Comment allons-nous faire ? se demande donc Hako Hankson dans une de ses œuvres où un groupe d’individus semble coincé entre des églises fièrement dressées et un policier portant son fusil à bout de bras. En somme, le rêve d’un avenir meilleur n’est pas au rendez-vous, et le départ se dessine alors comme la seule échappatoire possible. Dans Air Afrique, Partir seulement, trois hommes sont représentés à bord d’un avion quittant le Cameroun, un dessin qui rend hommage au passage à la compagnie aérienne Air Afrique. Mais le départ, l’artiste lui ne l’envisage pas, continuant à transmettre sa passion à une jeune génération d’artistes à Douala – une fenêtre d’espoir dans ce sinistre portrait.
Aby Gaye
Novembre 2023
NOTES :
Près de 75 % des Camerounais n’ont connu d’autre dirigeant que l’actuel chef de l’Etat, Paul Biya, qui pourrait briguer en 2025 un huitième mandat.

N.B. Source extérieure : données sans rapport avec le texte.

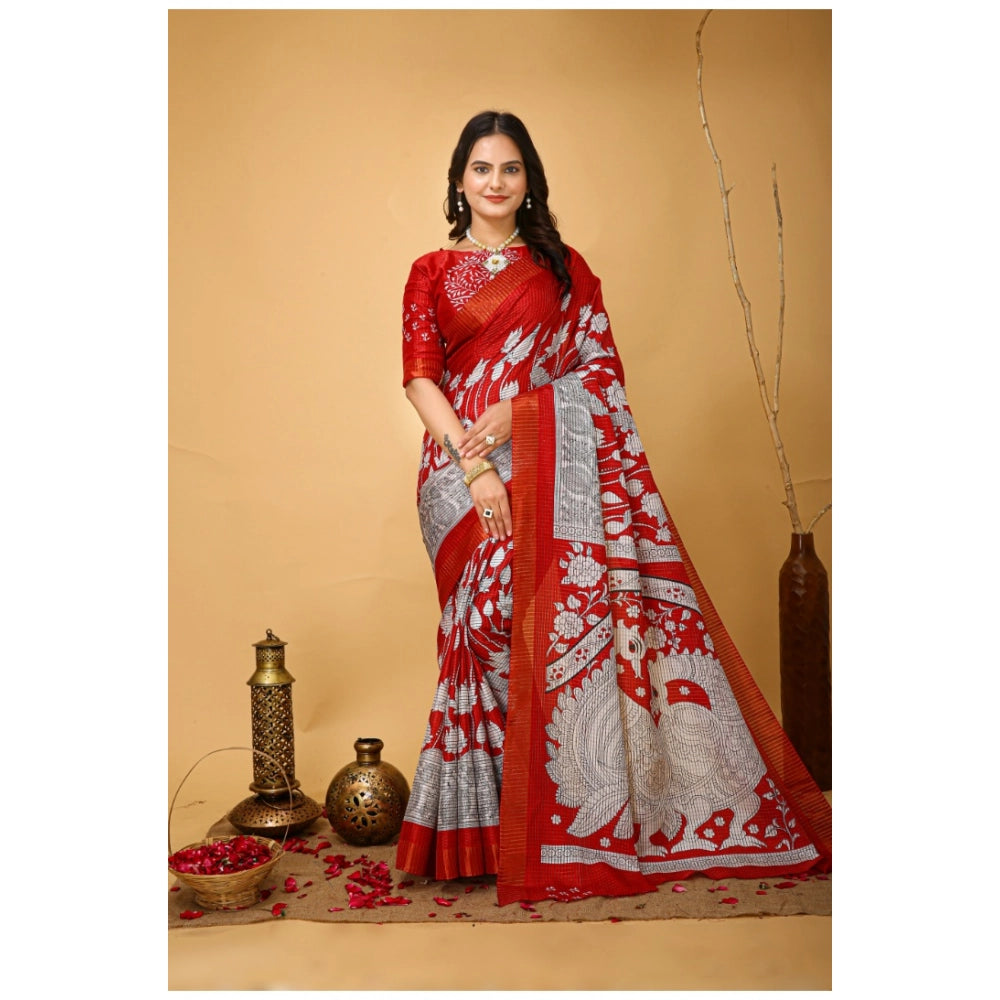 Soft handloom cotton red Kalamkari printed saree with unstitched blouse, traditional Indian ethnic wear for women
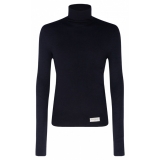 Balmain - Maglione con Toppa con Logo in Lana Merino - Blu Navy - Balmain Exclusive Luxury Collection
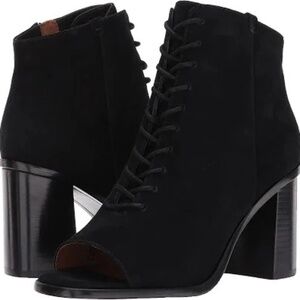 Frye Amy Black Suede Peep Toe Lace-Up Booties Size 8.5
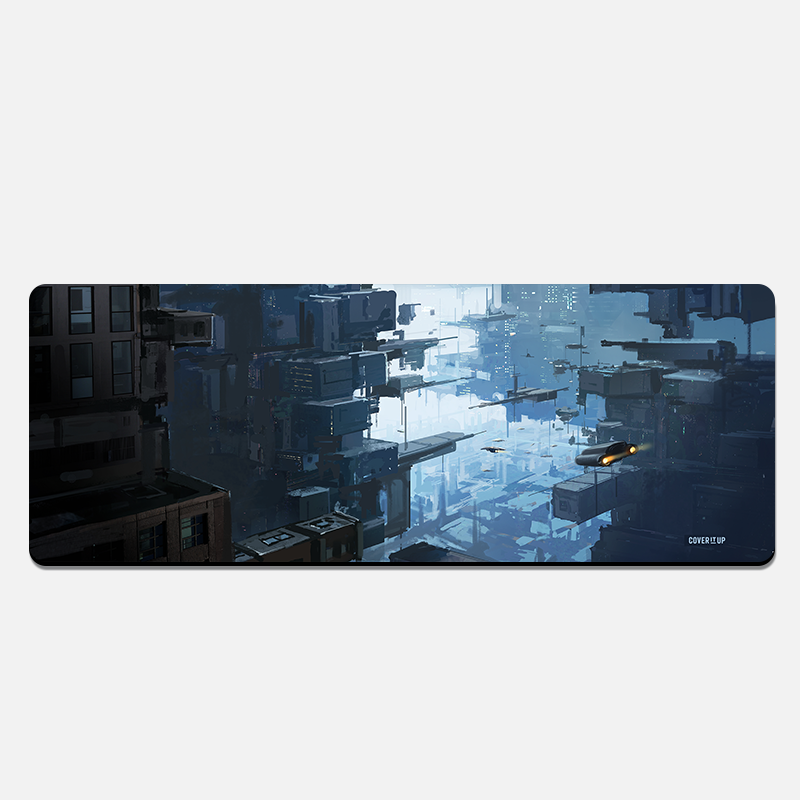 Anime Sci-fi Floating City Desk Mat and Gaming Mouse Pad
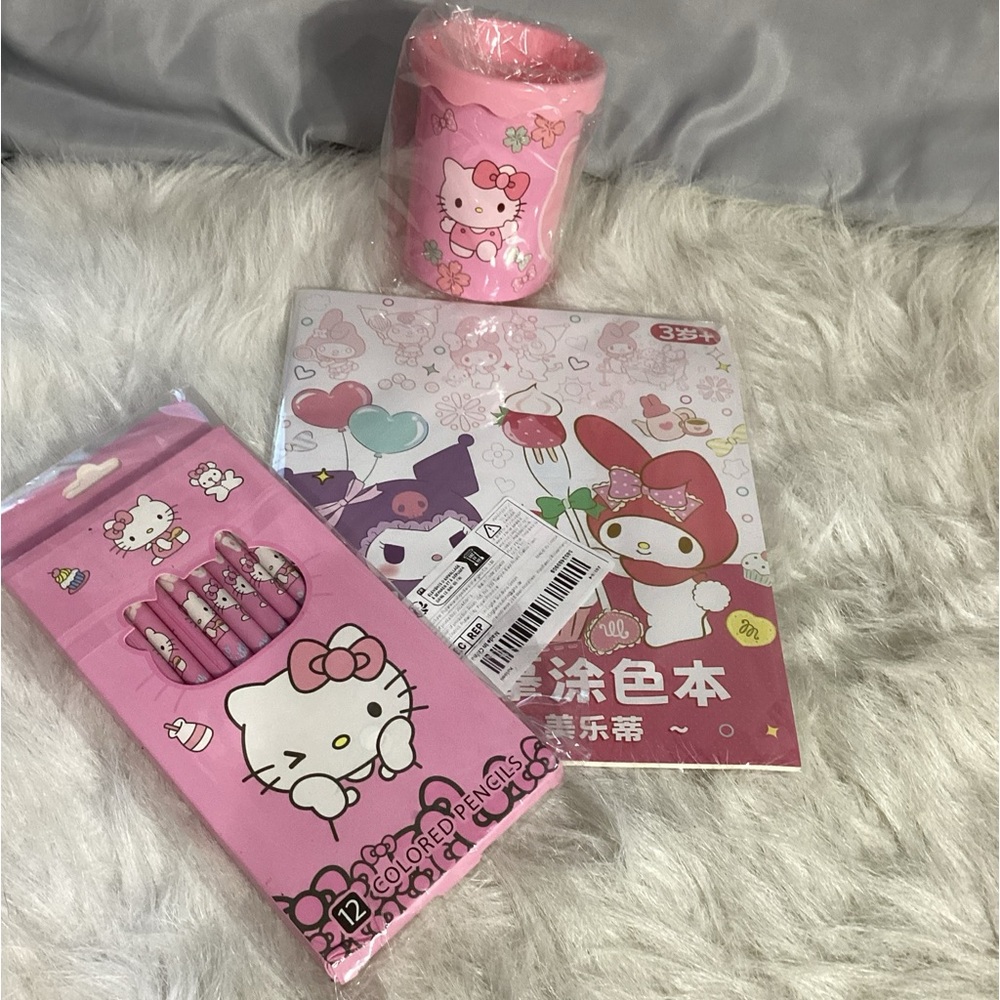 Hello Kitty Bundle of NEW Colored Pencils, Coloring Book & Pencil Cup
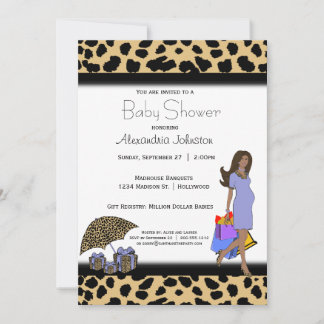Invitación Leopardo Y Lilac Imprimen Mamá Afroamericana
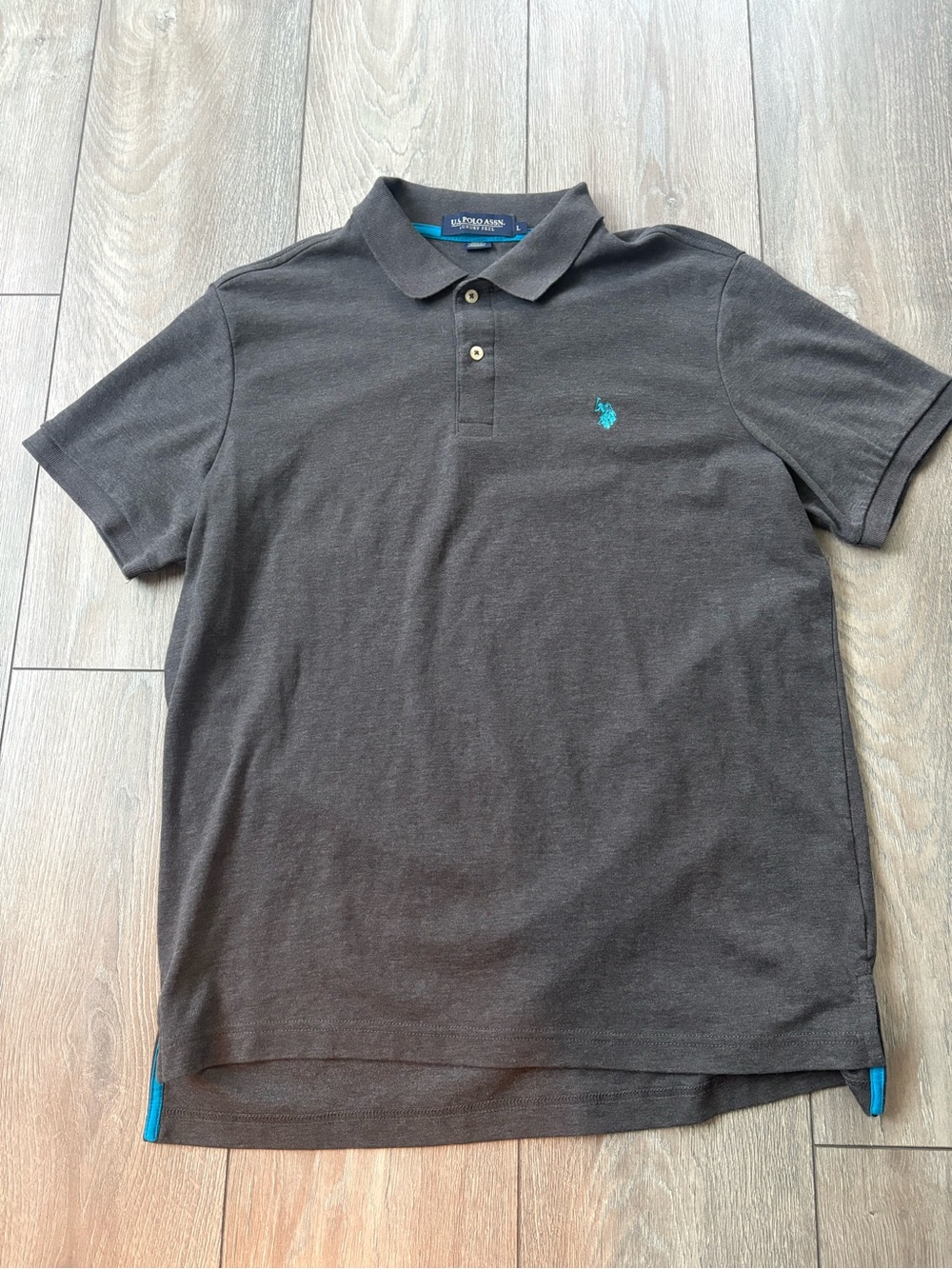U.S. Polo Assn. Men's Charcoal Polo with Teal Logo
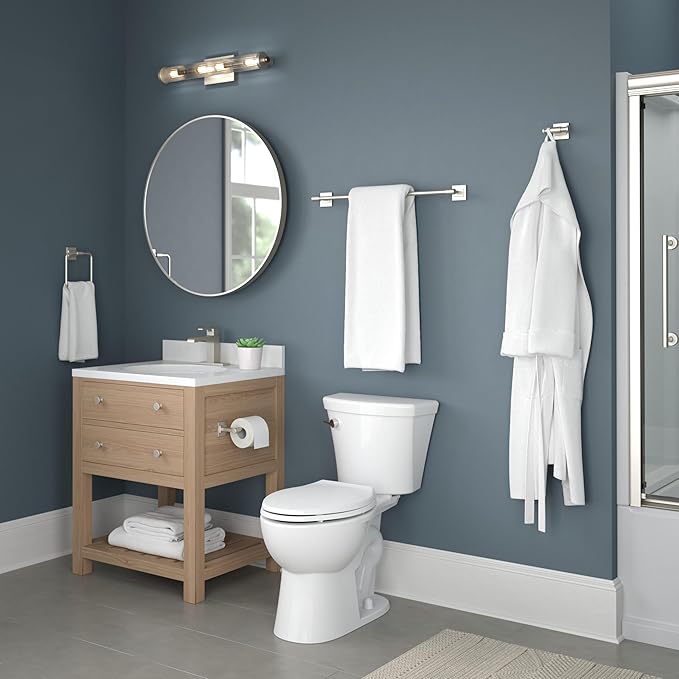 Delta Faucet McLaren 3-Piece Bathroom Set, SpotShield Brushed Nickel, 18"/24" Towel Rack, Toilet Paper Holder, Ring MCL63-BN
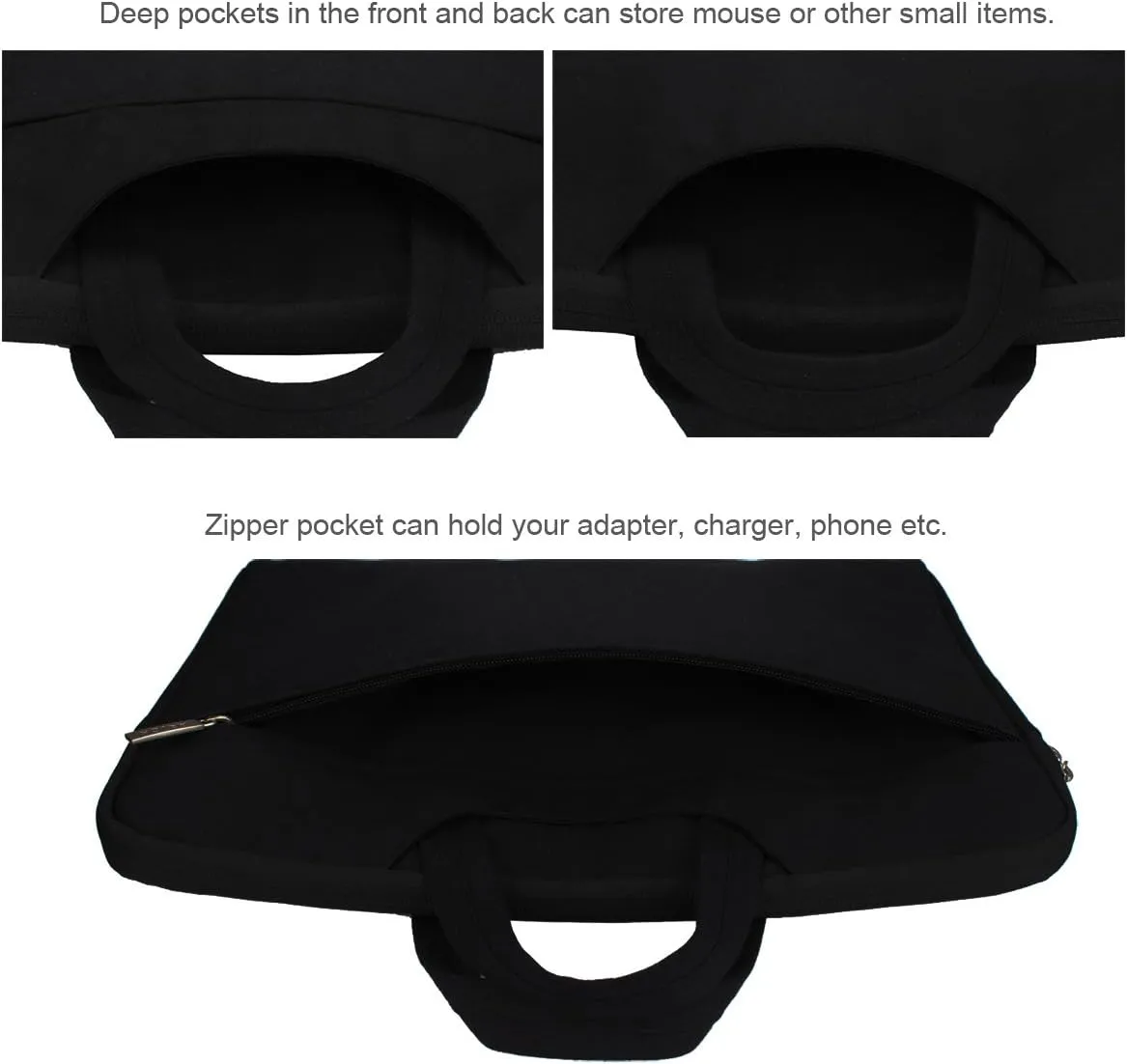 Arvok 13 13.3 14 Inch Water-Resistant Canvas Fabric Laptop Sleeve with Handle&Zipper Pocket/Notebook Computer Case/Ultrabook Carrying Bag for HP/Dell/Lenovo/A sus/Acer/Samsung, Black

Interview Hako Hankson, 7 novembre 2023.
« C’est un coup de gueule, voilà toutes choses qui me démangent. Je dessine comme j’écris, il y a plein de dessins que je déchire ou que je jette après. C’est comme si j’écrivais les choses qui bouillonnent dans ma tête. », interview Hako Hankson, 7 novembre 2023.
Interview Hako Hankson, 7 novembre 2023.
LES ŒUVRES DU PROJET
À PROPOS
HAKO HANKSON
Né en 1968 à Bafang, dans l’Ouest du Cameroun, Hako Hankson est le fils d’un notable responsable des objets rituels. C’est son père qui lui transmet sa connaissance et qu’il parvient à impressionner en réalisant ses premières sculptures en kaolin. Installé à Douala depuis la fin des années 1980, Hako Hankson est propulsé dans un environnement cosmopolite et prend goût à ce qu’il nomme « le désordre chaotique du quotidien ». Sa peinture et ses dessins s’inspirent alors des scènes de rue, et il se hisse rapidement au rang de conteur urbain, avec justesse et humour.
Appartenant à une génération de plasticiens autodidactes à une époque où le Cameroun ne possède pas encore d’écoles des beaux-arts, il fait preuve d’ingéniosité et de patience pour façonner son univers plastique. La qualité de son travail est remarquée et il expose alors ses premières toiles dans un tout nouveau centre d’art, Doual’art, créé en 1991 par Marilyn Douala Bell et Didier Schaub, lieu novateur de soutien aux artistes. Dans les années 1990, Hako Hankson acquiert une certaine notoriété au Cameroun, ce qui lui permet de vivre de sa pratique, mais aussi de se confronter à de plus grands formats et d’expérimenter d’autres médiums, notamment la sculpture.
Panafricain et libre penseur, Hako Hankson cite volontiers les grandes figures indépendantistes – Thomas Sankara, Ahmed Sekou Touré, Kwame Nkrumah – et se nourrit de la pensée de Cheikh Anta Diop, adhérant à une vision afrocentriste qui attribue une place primordiale aux cultures subsahariennes et encourage les solidarités sur le continent. Son travail a notamment été exposé au Cameroun, en Italie, en France, au Portugal, en Suisse -et au Sénégal notamment avec une selection dans la Biennale de Dakar.